Naturalmente o castigo virá. Mas Nossa Senhora afirmou: “Por fim o Meu Imaculado Coração triunfará”. Quer dizer, de um modo ou de outro, se os homens não vencerem a Revolução, Ela vencerá a Revolução. Mas a Revolução  será vencida, nós temos a promessa da própria Mãe de Deus, a Rainha da História, porque o cetro dos acontecimentos do mundo Deus o pôs nas mãos de Sua Mãe Santíssima.

Entretanto isso não nos dispensa a nós de nos aglutinarmos e lutarmos, porque Deus se serve dos meios humanos.

Muito simbólico é nesse o sentido o que aconteceu por ocasião da multiplicação dos pães. Todos os senhores a conhecem.
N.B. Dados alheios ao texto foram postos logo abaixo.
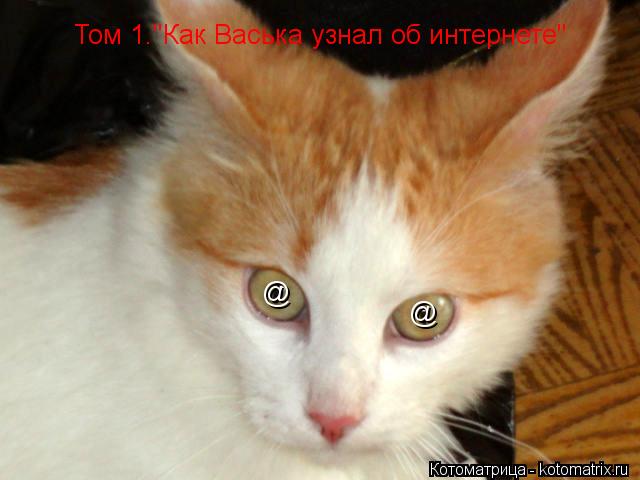 @ @ Том 1."Как Васька узнал об интернете"... Котоматрица: @ @ Том 1."Как Васька узнал об интернете"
A narração lindíssima do Evangelho nos está presente no espírito de todos. Nosso Senhor pregando, levando atrás de Si as multidões encantadas e empolgadas com Suas palavras e com a consideração de Sua Pessoa. Chegando no deserto não tinham o que comer. Nosso Senhor teve pena da multidão pela fome que sofria e mandou recolher todos os peixes e pães, todos os alimentos que eles tinham. E foram encontrados em toda aquela multidão apenas sete pães e sete peixes. Estes sete peixes e sete pães, Nosso Senhor se serviu deles para multiplicar esses pães e esses peixes, e para atender com sobra – mas com sobra enorme – todas as necessidades da multidão.

Esta ação Deus poderia tê-la praticado sem os 7 pães e sete peixes. Ele criou o mundo por que Ele precisava daqueles sete pães e sete peixes? Mas Ele queria que os generosos que tinham pouco desse tudo o que tinham. Com isto, e para glorificar esses generosos, Ele multiplicou depois esses pães e esses peixes.

Nosso tempo, nossa dedicação, se for preciso o risco de nossa vida – nós somos poucos – esses são os sete pães e sete peixes que nós podemos oferecer a Nossa Senhora e por meio dEla a Nosso Senhor Jesus Cristo, nessa situação crítica da história.

Lutemos com todo o empenho que Nossa Senhora saberá obter de Seu Divino Filho a multiplicação desses pães e desses peixes. Será a vitória, meu caro Maurício.